Devo dire, però, che difronte a design come quello citato è sempre difficile non restare attoniti e cedere alla tentazione di lasciar perdere ottimizzazione e leggerezza…
Ciao Claudio,
benvenuto!
Ti capisco e sono d’accordo.
Il fatto è che volendo si può anche fare un layout come quello citato, ma è d’obbligo a quel punto fare di tutto per ottimizzarlo.
WDW non utilizza alcun tipo di tecnica per ridurre la pesantezza delle immagini e/o le richieste http, è questo il problema.
ciao,
volevo citare questa tua affermazione:
Oltre ad una questione di prestazioni, c’è il fatto che è più facile giudicare un sito principalmente dal suo aspetto (ed è quello che più frequentemente accade).
hai ragione! uno che ha intenzione di affidare la propria immagine ad un designer, inizialmemnte sceglie in base a ciò che vede, va da se che l’impatto grafico ha una notevole importanza;
la pulizia del codice, la legerezza etc. vengono dopo.
per il sito in questione non mi sento di criticare la scelta di utilizzare una grafica piùttosto ricca a scapito della leggerezza anzi ci rimarrei male nel vedere un sito di tutorials ed articoli su come fare design, senza una grafica d’impatto.

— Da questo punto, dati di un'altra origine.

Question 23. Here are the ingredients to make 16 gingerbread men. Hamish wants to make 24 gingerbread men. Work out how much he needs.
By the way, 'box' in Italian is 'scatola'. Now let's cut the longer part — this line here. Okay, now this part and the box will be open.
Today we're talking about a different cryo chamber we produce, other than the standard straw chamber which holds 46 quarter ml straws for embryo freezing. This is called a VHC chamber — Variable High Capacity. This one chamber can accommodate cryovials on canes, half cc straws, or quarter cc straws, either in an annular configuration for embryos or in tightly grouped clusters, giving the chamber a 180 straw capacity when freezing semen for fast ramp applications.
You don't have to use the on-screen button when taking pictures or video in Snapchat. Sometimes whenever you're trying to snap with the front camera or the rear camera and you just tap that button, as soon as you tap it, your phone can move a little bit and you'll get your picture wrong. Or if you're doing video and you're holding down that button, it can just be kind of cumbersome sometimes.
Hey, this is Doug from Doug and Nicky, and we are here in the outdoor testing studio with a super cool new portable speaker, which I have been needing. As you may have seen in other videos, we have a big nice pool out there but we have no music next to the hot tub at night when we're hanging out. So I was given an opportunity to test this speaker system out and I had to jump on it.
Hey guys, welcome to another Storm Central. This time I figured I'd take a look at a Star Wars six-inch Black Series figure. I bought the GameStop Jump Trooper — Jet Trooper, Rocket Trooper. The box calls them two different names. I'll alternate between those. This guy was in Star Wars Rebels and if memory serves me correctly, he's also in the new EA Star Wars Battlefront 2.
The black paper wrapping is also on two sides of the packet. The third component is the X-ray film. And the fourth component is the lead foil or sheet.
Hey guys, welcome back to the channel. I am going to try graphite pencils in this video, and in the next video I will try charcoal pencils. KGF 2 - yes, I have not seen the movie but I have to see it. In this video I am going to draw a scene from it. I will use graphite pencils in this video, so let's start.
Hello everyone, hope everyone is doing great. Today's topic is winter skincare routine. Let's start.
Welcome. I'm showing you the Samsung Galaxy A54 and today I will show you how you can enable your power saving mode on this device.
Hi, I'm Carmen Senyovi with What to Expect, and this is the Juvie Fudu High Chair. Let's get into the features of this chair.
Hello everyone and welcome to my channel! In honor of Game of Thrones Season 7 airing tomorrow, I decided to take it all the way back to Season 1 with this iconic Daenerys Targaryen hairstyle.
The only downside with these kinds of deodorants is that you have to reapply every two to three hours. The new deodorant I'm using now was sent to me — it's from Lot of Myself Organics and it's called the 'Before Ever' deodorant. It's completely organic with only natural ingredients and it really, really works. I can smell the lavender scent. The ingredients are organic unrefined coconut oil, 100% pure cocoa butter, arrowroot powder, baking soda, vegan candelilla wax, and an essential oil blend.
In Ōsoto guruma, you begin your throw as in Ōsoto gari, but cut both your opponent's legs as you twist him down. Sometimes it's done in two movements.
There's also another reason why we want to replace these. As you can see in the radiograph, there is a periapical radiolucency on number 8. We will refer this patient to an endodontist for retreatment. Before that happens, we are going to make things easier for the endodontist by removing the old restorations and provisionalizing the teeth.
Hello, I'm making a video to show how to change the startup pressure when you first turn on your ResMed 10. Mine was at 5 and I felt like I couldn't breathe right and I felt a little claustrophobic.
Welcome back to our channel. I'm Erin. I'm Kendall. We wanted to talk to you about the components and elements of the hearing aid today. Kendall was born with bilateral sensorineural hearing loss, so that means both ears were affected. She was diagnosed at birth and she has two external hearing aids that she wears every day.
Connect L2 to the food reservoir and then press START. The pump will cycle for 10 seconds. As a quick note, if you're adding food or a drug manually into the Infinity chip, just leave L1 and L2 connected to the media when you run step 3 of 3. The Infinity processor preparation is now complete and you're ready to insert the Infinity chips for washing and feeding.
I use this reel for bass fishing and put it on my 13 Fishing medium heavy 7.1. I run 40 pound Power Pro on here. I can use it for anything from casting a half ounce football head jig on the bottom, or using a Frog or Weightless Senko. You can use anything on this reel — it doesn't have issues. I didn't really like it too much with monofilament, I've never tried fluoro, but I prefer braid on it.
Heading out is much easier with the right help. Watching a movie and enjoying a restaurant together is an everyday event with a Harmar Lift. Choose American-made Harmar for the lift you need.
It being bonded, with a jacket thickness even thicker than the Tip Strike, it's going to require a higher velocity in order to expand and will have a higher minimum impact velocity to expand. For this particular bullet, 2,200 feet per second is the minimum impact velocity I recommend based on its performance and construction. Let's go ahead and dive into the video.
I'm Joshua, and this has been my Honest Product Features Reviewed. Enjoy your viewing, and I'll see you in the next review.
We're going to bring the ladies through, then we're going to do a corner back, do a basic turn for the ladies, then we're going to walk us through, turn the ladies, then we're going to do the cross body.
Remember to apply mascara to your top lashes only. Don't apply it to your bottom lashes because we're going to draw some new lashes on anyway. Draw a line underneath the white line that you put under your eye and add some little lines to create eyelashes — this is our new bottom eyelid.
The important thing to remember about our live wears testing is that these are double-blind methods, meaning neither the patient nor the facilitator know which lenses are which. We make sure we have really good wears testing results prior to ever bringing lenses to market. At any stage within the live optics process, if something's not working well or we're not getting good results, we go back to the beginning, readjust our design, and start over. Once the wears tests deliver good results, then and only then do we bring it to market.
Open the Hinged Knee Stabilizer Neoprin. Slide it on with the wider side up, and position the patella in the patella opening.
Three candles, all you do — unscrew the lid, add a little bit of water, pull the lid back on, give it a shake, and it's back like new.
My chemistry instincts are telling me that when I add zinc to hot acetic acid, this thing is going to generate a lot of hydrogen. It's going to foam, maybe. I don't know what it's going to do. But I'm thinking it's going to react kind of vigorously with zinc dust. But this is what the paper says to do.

p.s. conosco il tuo sito da poco, ti faccio i complimenti per l’aproccio che hai nel trattare gli argomenti.
Ciao Mario,
benvenuto e grazie dei complimenti.
Non è che critico la grafica ricca e spettacolare in se, ma la sua implementazione grossolana. WDW poteva essere ottimizzato molto di più di quello che è ora, ma non è stato fatto praticamente nulla al riguardo.
Il web non è la carta stampata, bisogna sempre fare i conti coi limiti tecnologici, che, fortunatamente, sono sempre più alti.
Non trovi?
certo!
sicuramente quel designer poteva trovare una soluzione più leggera pur mantenendo l’impatto grafico.
ma la riduzione in peso in che percentuale pensi possa influire sulla riuscita, sull’efficacia e sullo scopo di quel sito? io credo poco…
Visto che ottimizzare rientra nell’ambito dell’ accessibilità, penso che influisca sempre. Di quanto però, dipende sempre da caso a caso.
Considera poi che, su grandi cifre in termini di visite/pageview, riuscire ad ottimizzare 2-3k a pagina e un paio di richieste HTTP, significa un enorme risparmio di risorse. Sia tecnologiche (meno rischio di 505), sia economiche.